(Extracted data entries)
:::

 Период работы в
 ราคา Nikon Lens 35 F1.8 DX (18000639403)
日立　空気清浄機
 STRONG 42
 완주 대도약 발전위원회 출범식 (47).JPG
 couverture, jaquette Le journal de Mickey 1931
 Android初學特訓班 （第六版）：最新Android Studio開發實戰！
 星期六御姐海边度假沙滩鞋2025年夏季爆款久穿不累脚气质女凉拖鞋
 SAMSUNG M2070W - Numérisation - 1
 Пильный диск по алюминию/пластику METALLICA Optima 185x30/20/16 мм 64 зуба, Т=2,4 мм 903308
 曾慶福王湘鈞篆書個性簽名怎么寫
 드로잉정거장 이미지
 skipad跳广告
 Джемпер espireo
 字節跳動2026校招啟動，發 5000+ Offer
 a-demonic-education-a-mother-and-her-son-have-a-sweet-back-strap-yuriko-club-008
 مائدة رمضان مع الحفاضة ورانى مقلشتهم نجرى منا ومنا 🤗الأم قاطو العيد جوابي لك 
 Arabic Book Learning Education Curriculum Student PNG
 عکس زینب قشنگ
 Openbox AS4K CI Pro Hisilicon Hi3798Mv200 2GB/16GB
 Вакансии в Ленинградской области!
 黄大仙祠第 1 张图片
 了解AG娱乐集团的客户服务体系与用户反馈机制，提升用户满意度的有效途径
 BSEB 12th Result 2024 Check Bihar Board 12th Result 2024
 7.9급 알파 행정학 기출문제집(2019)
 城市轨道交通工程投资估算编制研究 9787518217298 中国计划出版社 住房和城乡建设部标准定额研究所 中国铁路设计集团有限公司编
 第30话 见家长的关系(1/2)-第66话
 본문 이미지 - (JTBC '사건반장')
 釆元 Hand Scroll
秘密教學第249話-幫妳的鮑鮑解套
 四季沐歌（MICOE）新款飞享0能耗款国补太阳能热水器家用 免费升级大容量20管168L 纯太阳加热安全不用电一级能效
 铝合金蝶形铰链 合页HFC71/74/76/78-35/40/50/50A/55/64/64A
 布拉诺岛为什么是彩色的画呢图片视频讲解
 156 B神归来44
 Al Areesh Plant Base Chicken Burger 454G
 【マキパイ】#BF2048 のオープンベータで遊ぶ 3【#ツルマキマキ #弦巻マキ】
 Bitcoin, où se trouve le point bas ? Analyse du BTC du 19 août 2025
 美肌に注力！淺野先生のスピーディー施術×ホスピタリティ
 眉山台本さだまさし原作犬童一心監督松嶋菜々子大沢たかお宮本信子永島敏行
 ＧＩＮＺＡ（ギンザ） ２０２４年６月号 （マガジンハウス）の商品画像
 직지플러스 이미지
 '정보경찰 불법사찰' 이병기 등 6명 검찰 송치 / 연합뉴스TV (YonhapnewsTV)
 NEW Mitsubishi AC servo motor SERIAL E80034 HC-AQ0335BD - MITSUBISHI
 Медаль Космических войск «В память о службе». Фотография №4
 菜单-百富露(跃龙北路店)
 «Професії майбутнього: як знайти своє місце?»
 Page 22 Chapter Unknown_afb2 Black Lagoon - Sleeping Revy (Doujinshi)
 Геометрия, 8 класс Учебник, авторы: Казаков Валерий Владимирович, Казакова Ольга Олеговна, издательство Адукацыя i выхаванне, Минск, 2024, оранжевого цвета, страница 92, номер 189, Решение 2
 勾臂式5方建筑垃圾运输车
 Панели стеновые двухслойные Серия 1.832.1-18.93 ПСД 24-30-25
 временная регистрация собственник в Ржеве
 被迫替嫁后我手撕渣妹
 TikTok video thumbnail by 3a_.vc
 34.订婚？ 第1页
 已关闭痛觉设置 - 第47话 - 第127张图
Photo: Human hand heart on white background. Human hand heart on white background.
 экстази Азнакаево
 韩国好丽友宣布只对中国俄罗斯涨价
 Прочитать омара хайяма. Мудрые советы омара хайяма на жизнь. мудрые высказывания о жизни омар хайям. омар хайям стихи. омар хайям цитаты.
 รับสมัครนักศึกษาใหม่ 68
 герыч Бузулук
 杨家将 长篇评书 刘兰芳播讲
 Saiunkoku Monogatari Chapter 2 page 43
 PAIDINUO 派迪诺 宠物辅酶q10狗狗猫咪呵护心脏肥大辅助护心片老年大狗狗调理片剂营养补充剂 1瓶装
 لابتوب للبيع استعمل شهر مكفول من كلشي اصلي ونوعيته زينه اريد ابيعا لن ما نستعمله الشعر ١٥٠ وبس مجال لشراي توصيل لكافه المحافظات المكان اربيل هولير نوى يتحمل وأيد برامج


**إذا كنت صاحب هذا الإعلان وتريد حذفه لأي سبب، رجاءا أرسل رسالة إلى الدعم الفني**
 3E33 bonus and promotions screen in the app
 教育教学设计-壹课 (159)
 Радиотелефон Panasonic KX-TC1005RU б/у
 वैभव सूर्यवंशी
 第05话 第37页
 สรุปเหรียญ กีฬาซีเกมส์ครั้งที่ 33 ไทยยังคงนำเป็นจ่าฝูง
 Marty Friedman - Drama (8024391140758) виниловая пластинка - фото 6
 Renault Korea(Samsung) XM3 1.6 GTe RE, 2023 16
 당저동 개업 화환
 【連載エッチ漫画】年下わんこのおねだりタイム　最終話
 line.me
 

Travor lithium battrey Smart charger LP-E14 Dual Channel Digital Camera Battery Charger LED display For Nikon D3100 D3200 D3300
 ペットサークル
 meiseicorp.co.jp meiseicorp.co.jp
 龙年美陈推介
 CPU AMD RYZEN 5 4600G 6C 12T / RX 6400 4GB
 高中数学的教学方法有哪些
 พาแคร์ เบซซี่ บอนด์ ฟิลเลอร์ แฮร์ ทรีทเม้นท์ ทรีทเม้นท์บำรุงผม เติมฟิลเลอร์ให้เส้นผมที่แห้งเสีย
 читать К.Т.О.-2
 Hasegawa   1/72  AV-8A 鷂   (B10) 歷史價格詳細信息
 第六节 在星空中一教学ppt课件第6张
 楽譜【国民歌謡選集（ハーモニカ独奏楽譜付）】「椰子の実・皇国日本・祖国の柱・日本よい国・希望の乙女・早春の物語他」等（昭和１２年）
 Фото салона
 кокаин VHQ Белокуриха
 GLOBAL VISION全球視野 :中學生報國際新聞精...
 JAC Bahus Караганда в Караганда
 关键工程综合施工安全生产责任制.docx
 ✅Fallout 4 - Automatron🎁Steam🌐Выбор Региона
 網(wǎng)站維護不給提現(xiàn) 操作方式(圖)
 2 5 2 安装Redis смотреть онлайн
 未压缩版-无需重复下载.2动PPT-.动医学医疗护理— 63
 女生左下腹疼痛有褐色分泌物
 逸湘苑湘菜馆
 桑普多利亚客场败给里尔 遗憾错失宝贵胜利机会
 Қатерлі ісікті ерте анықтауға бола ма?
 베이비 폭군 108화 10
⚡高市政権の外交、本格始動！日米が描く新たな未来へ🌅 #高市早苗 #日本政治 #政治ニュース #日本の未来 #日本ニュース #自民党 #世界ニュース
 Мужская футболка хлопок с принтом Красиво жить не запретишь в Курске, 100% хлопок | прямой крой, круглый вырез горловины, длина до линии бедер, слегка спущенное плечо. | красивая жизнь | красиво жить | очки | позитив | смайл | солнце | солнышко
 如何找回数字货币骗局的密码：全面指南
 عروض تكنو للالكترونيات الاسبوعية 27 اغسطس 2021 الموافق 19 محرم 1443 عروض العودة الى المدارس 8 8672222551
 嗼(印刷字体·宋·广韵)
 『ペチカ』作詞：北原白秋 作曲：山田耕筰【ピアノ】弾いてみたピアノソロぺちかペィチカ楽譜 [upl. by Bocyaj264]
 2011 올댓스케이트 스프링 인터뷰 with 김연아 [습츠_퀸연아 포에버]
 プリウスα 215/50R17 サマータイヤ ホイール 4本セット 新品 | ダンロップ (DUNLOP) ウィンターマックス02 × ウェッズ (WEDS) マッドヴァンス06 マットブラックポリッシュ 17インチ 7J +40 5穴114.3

:::

**EXERCISE OBJECTIVE:** From the entries above, extract only the lines running from the one containing "PAIDINUO 派迪诺 宠物辅酶q10狗狗猫咪呵护心脏肥大辅助护心片老年大狗狗调理片剂营养补充剂" through the one containing "桑普多利亚客场败给里尔 遗憾错失宝贵胜利机会", inclusive.

**SOLUTION TO THIS TASK:**
 PAIDINUO 派迪诺 宠物辅酶q10狗狗猫咪呵护心脏肥大辅助护心片老年大狗狗调理片剂营养补充剂 1瓶装
 لابتوب للبيع استعمل شهر مكفول من كلشي اصلي ونوعيته زينه اريد ابيعا لن ما نستعمله الشعر ١٥٠ وبس مجال لشراي توصيل لكافه المحافظات المكان اربيل هولير نوى يتحمل وأيد برامج


**إذا كنت صاحب هذا الإعلان وتريد حذفه لأي سبب، رجاءا أرسل رسالة إلى الدعم الفني**
 3E33 bonus and promotions screen in the app
 教育教学设计-壹课 (159)
 Радиотелефон Panasonic KX-TC1005RU б/у
 वैभव सूर्यवंशी
 第05话 第37页
 สรุปเหรียญ กีฬาซีเกมส์ครั้งที่ 33 ไทยยังคงนำเป็นจ่าฝูง
 Marty Friedman - Drama (8024391140758) виниловая пластинка - фото 6
 Renault Korea(Samsung) XM3 1.6 GTe RE, 2023 16
 당저동 개업 화환
 【連載エッチ漫画】年下わんこのおねだりタイム　最終話
 line.me
 

Travor lithium battrey Smart charger LP-E14 Dual Channel Digital Camera Battery Charger LED display For Nikon D3100 D3200 D3300
 ペットサークル
 meiseicorp.co.jp meiseicorp.co.jp
 龙年美陈推介
 CPU AMD RYZEN 5 4600G 6C 12T / RX 6400 4GB
 高中数学的教学方法有哪些
 พาแคร์ เบซซี่ บอนด์ ฟิลเลอร์ แฮร์ ทรีทเม้นท์ ทรีทเม้นท์บำรุงผม เติมฟิลเลอร์ให้เส้นผมที่แห้งเสีย
 читать К.Т.О.-2
 Hasegawa   1/72  AV-8A 鷂   (B10) 歷史價格詳細信息
 第六节 在星空中一教学ppt课件第6张
 楽譜【国民歌謡選集（ハーモニカ独奏楽譜付）】「椰子の実・皇国日本・祖国の柱・日本よい国・希望の乙女・早春の物語他」等（昭和１２年）
 Фото салона
 кокаин VHQ Белокуриха
 GLOBAL VISION全球視野 :中學生報國際新聞精...
 JAC Bahus Караганда в Караганда
 关键工程综合施工安全生产责任制.docx
 ✅Fallout 4 - Automatron🎁Steam🌐Выбор Региона
 網(wǎng)站維護不給提現(xiàn) 操作方式(圖)
 2 5 2 安装Redis смотреть онлайн
 未压缩版-无需重复下载.2动PPT-.动医学医疗护理— 63
 女生左下腹疼痛有褐色分泌物
 逸湘苑湘菜馆
 桑普多利亚客场败给里尔 遗憾错失宝贵胜利机会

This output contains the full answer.